Exercise description: Omit the images. Reproduce each line of the records exactly as it appears.

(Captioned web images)

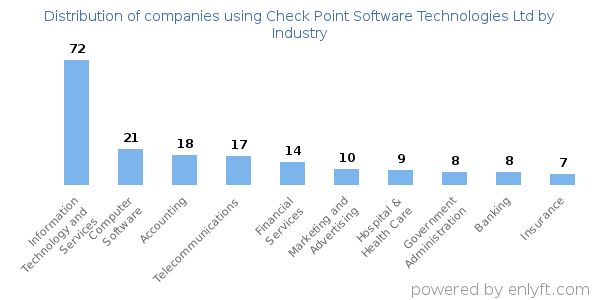 Companies using Check Point Software Technologies Ltd - Distribution by industry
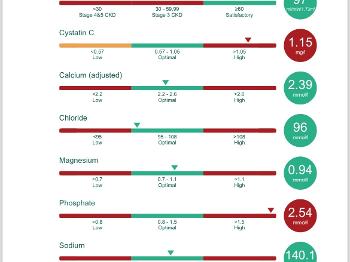 Kidney test result 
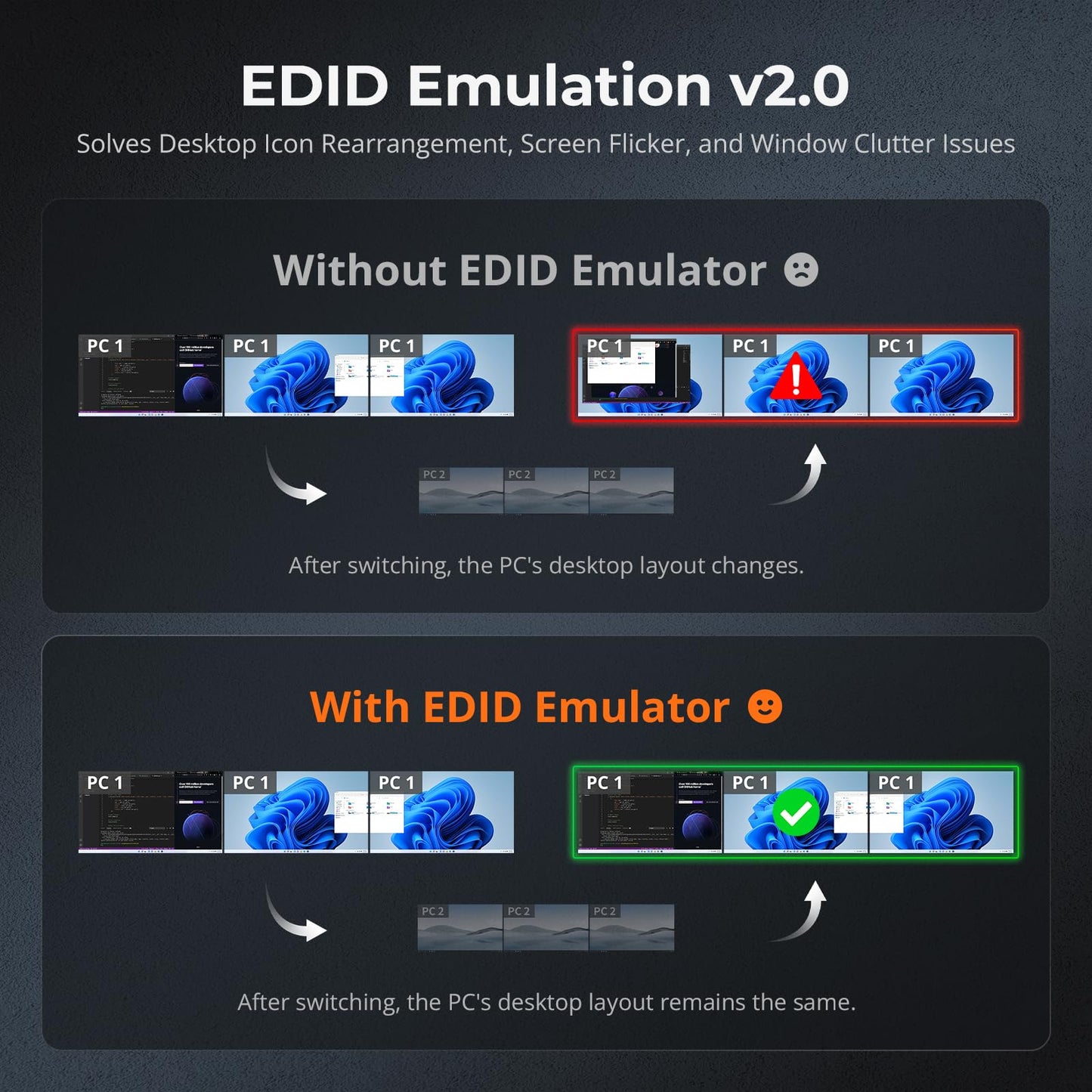 TESmart USB 3.0 KVM Switch 3 Monitors 4 Computers 4K@60Hz, HDMI+DP KVM Docking Station, EDID Emulators, 1G Ethernet, Hotkey Switch, 2K@144Hz for Gaming & Home Office, Audio & Mic with All Input Cables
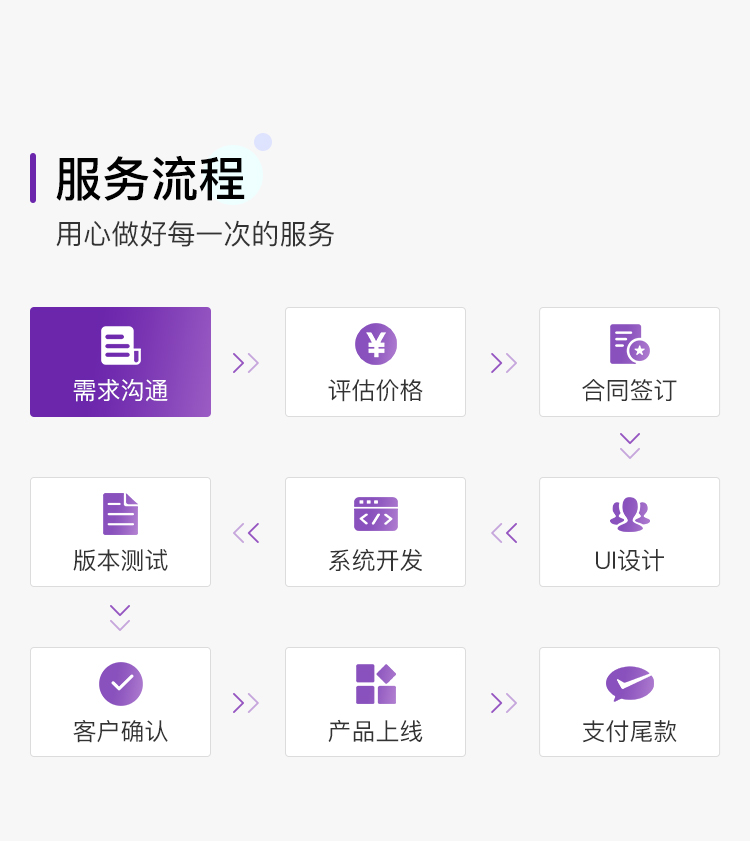 微信服务定制, 小程序定制, 生活服务, 酒店预约, 度假酒店, 民宿客栈, 经济型酒店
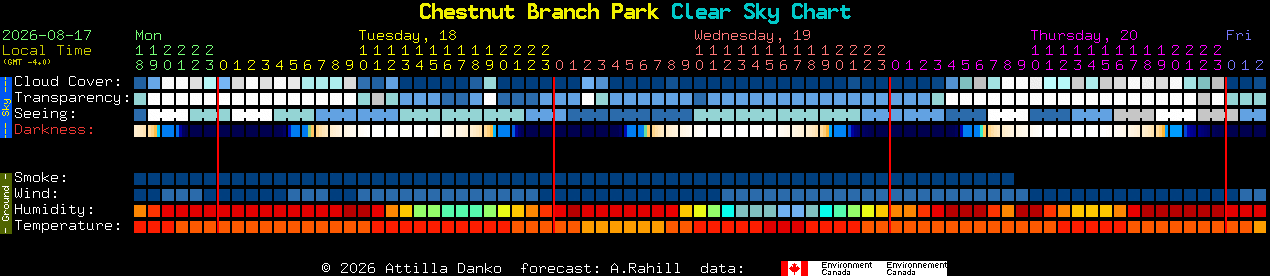 Current forecast for Chestnut Branch Park Clear Sky Chart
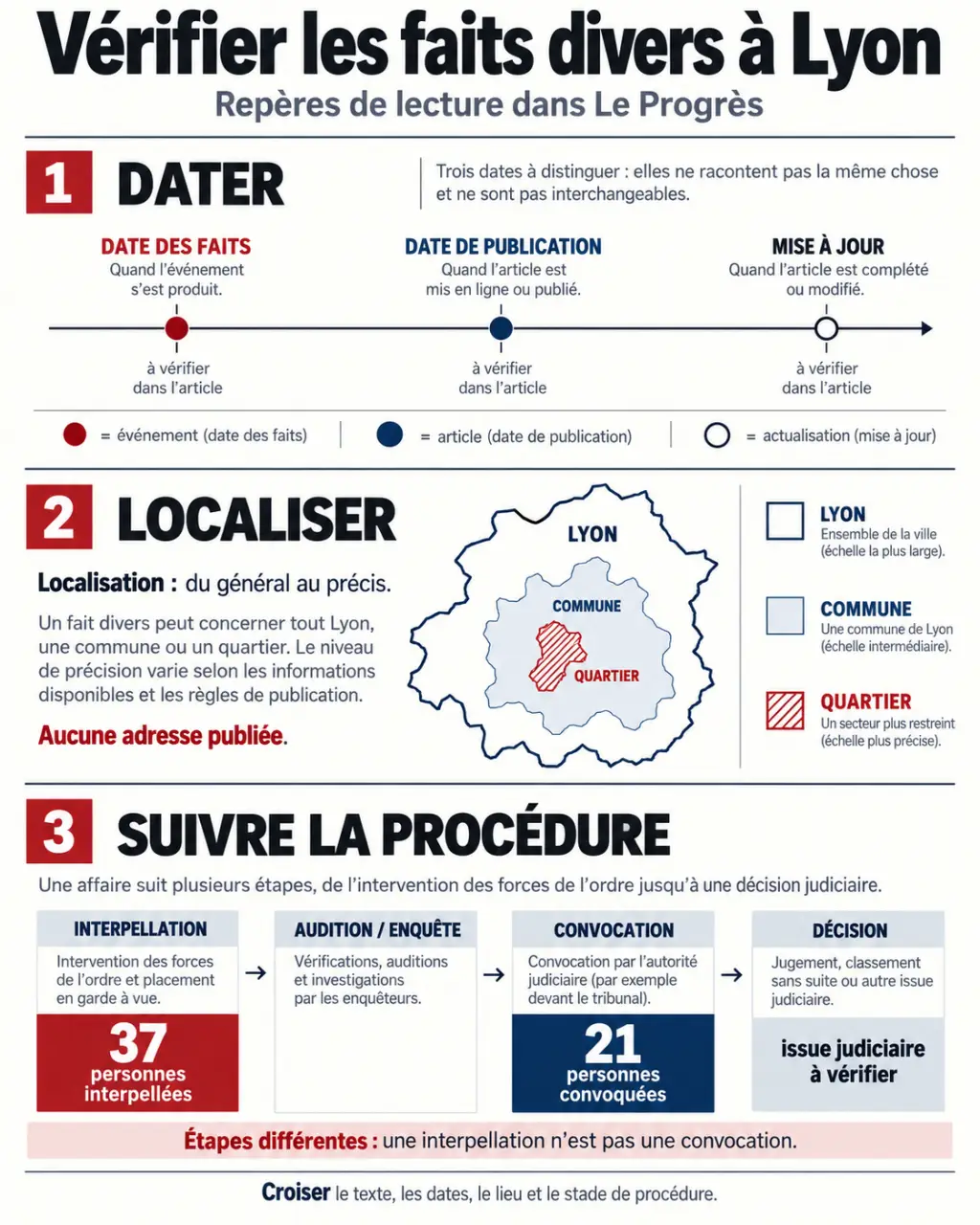 Le Progrès Lyon faits divers : vérifier les dates, les lieux et les étapes judiciaires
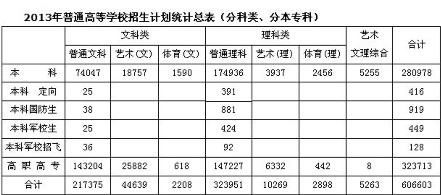 我省每10個(gè)考生4個(gè)能上本科 七成學(xué)生可上一本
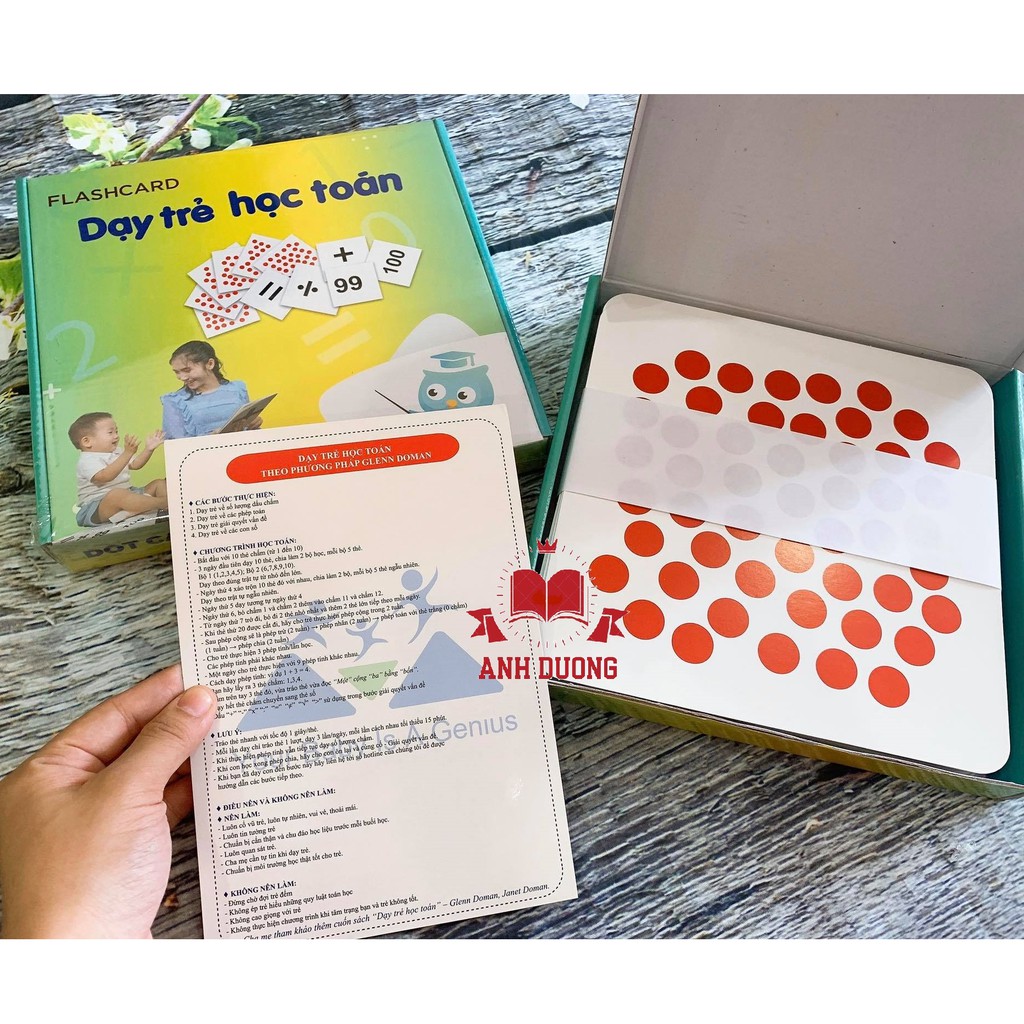 THẺ HỌC TOÁN DOT CARD Chuẩn GLENN DOMAN - Chính Hãng- FLASHCARD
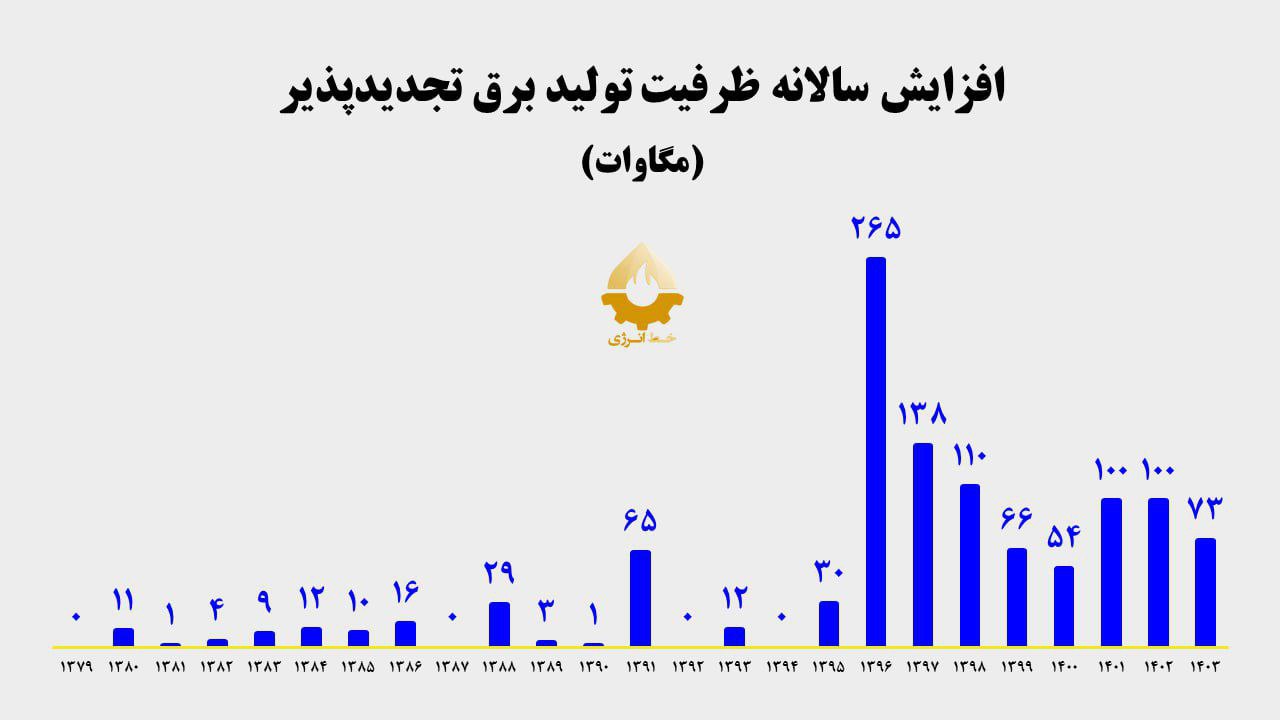 میزان اقزایش سالانه ظرفیت نیروگاه های تجدیدپذیر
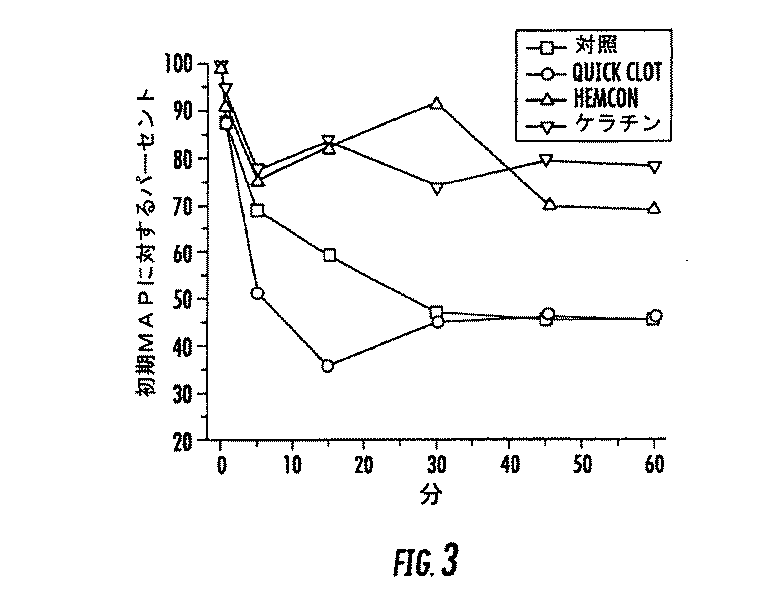 Jp2009527481a ケラチン医用生体材料を含有する凝固および治癒用組成物 Google Patents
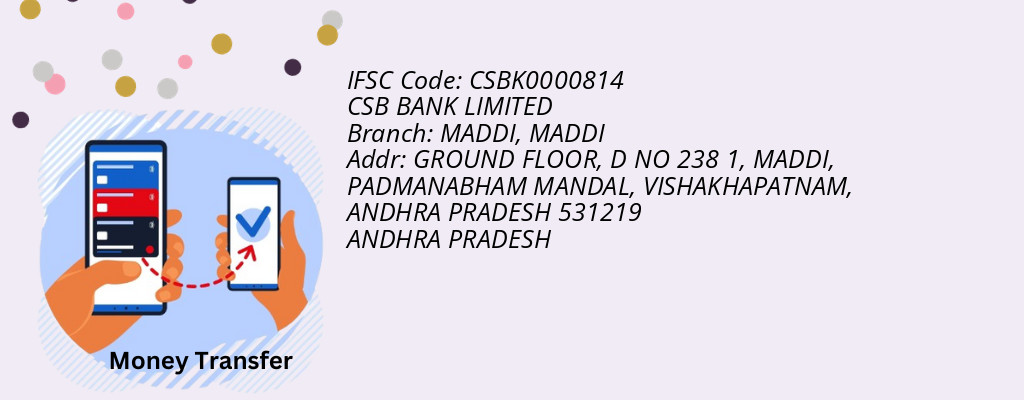 Find CSB BANK IFSC Code MADDI - MADDI Branch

Written solution:
 Companies using Check Point Software Technologies Ltd - Distribution by industry
 Kidney test result 
 TESmart USB 3.0 KVM Switch 3 Monitors 4 Computers 4K@60Hz, HDMI+DP KVM Docking Station, EDID Emulators, 1G Ethernet, Hotkey Switch, 2K@144Hz for Gaming & Home Office, Audio & Mic with All Input Cables
 微信服务定制, 小程序定制, 生活服务, 酒店预约, 度假酒店, 民宿客栈, 经济型酒店
 Current forecast for Chestnut Branch Park Clear Sky Chart
 Le Progrès Lyon faits divers : vérifier les dates, les lieux et les étapes judiciaires
 我省每10個(gè)考生4個(gè)能上本科 七成學(xué)生可上一本
 THẺ HỌC TOÁN DOT CARD Chuẩn GLENN DOMAN - Chính Hãng- FLASHCARD
 میزان اقزایش سالانه ظرفیت نیروگاه های تجدیدپذیر
 Jp2009527481a ケラチン医用生体材料を含有する凝固および治癒用組成物 Google Patents
 Find CSB BANK IFSC Code MADDI - MADDI Branch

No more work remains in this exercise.